Friday, February 10th, 2012 Politics

Thanks to the Indiana Senate (and their tactical regrouping over “creationism-in-all-but-name,” last month) I ended up “wasting” a spectacular amount of time poring over the actual court transcripts of Kitzmiller v. Dover Area School District (the famous 2005 “Intelligent Design” Federal Case). (The rest of that site, talkorigins.org, is worth exploring in penetrating—or, time-wasting—detail.)

And the thing is, it’s tremendously satisfying to read this sort of thing, because so many “reason vs. faith” debates (nearly all of them) fail to move the needle in either direction in any public or private forum…and yet it in this instance it turns out that “reason’s” victorious battleground isn’t the laboratory (or the university) but the courtroom. In the context of this famous “Of Pandas and People” proceeding (as in the Scopes trial) the abstracted armature of the debate is removed from labs and pulpits and retro-fitted into much broader questions of civil society (i.e. “the good”), which sounds like a recipe for disaster but actually works. As I sat there combing through direct, cross, redirect, re-cross (and a particular instance where the judge took over questioning himself) it was like I could feel the frustration of so many years of politically-fraught “issues” being reduced to meaningless caricature in the public sphere melting away.

The best part (and I know this is my most incendiary point) is the absence of a jury. Nobody even tries to pull any Johnnie Cochran tricks (not that there’s anything wrong with “jury nullification” techniques during criminal trials). There wouldn’t be any point: the discussion is as logically clean and pure as you can get, because it’s all for the benefit of a single judge—who was appointed by George W. Bush and Rick Santorum (!), and yet gets it right in his decision, because he has no other choice—the only alternative would invalidate the foundations of proceeding itself (like, you might as well tear the courtroom down).

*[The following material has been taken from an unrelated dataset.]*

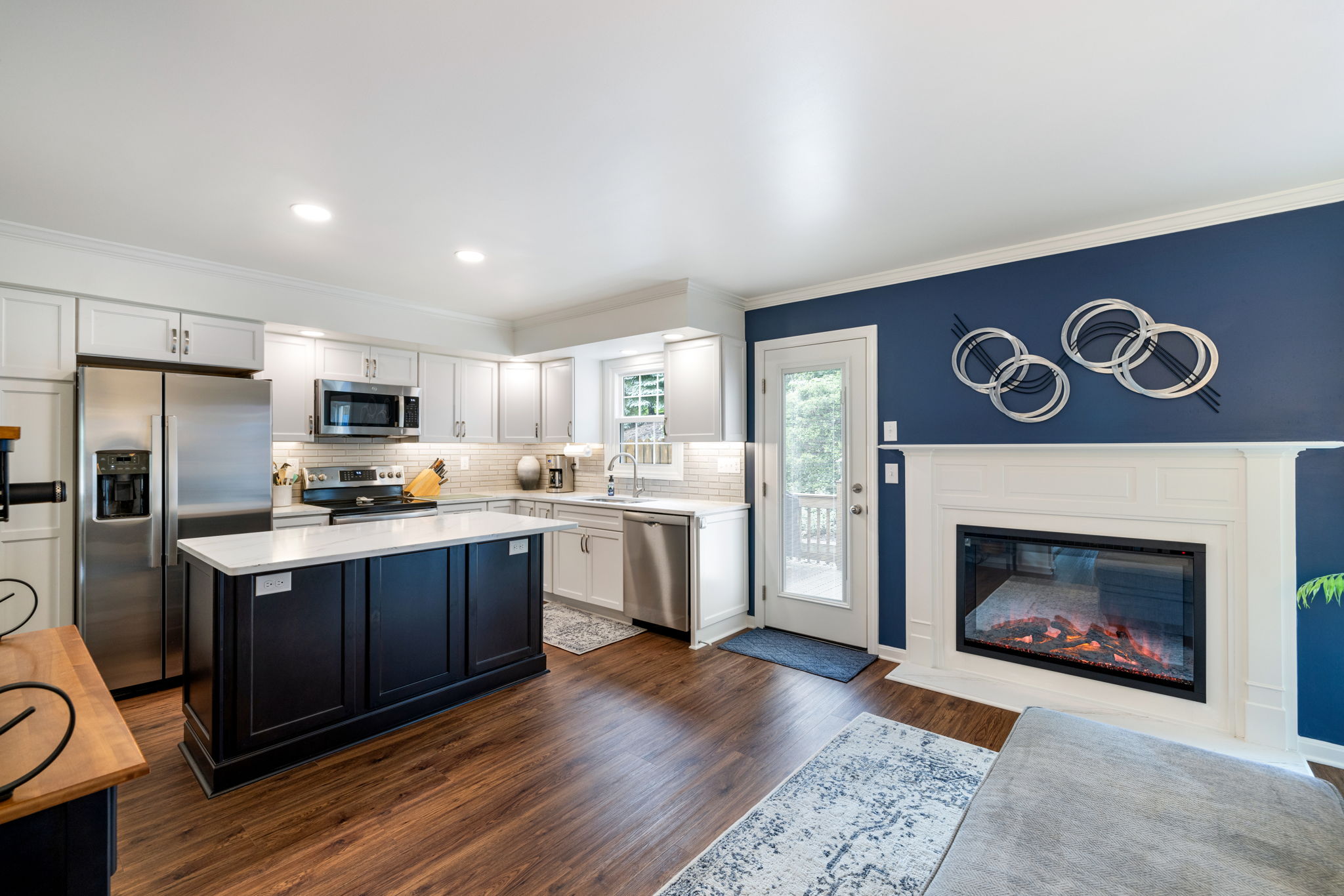 Open concept kitchen remodel with white cabinets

So why can’t everything be decided like this? Why couldn’t (for example) the “Laffer curve” have been subjected to the same kind of merciless forensic examination as Of Pandas and People? Why couldn’t Sarah Palin be forced to defend her “positions” as rigorously as Michael Behe? Of course, you can’t run the world that way (or even run a trial that way)…at a certain point you have to let the jury and the voters back in, and watch the signal-to-noise ratio plummet. But, just like it’s fun (for a couple of hours in a movie theater) to imagine a world where superheroes can solve our problems, it’s fun to imagine a world where Hegelian debate actually gets used to figure out what should happen next.